The slowing U.S. economy is biting a lot of tech companies hard, but Cisco – seen as a barometer of the tech industry by many on Wall Street – has managed to meet its own lowered financial forecasts and beat those of the analysts in its latest quarterly results.
The company posted sales of $9.79 billion in the three months ending April 26, up on analysts estimates of $9.75 billion, with earnings of $1.77 billion – 29 cents per share. That’s a drop in earnings of 5.4 percent from the same period last year.
As with other companies, the big slowdown in sales was in the U.S., with Europe continuing to grow at a solid pace and emerging markets a spectacular 44 percent. The slowdown is expected to hit outside the U.S. in the coming months, however, and Cisco warned of continued muted results in the months to follow.
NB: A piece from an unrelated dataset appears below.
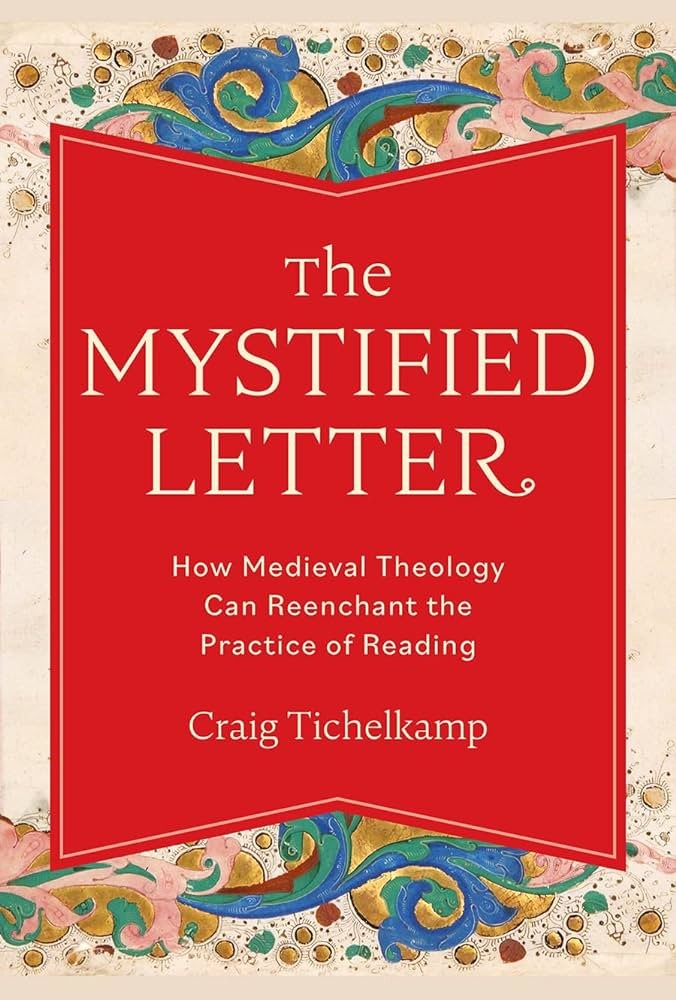 Book Cover: The Mystified Letter: How Medieval Theology Can Reenchant the Practice of Reading 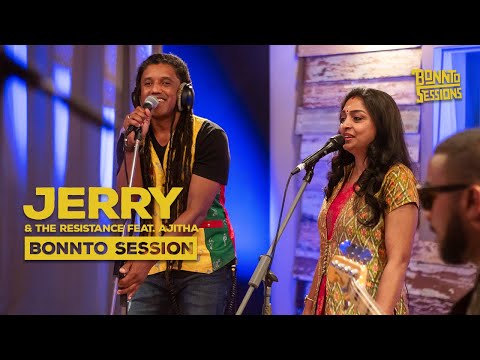 BONNTO SESSIONS - Jerry & The Resistance feat. Ajitha Murday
Wall Street wasn’t looking for a bumper crop however, just one that looks solid enough to say that the economy isn’t doing a complete ARA General Belgrano.
Considering the relatively mixed economic environment we’re in, I think it was a really good quarter from a balance perspective and an execution perspective — we did what we said we were going to do," Jonathan Chadwick, Cisco’s corporate controller, said in an interview.
Cisco offered a sales guidance of 9 to 10 percent growth in the fourth quarter, with Cisco’s chief executive, John Chambers, saying on a conference call that he expects companies in the U.S. to remain cautious about spending until at least the end of 2008.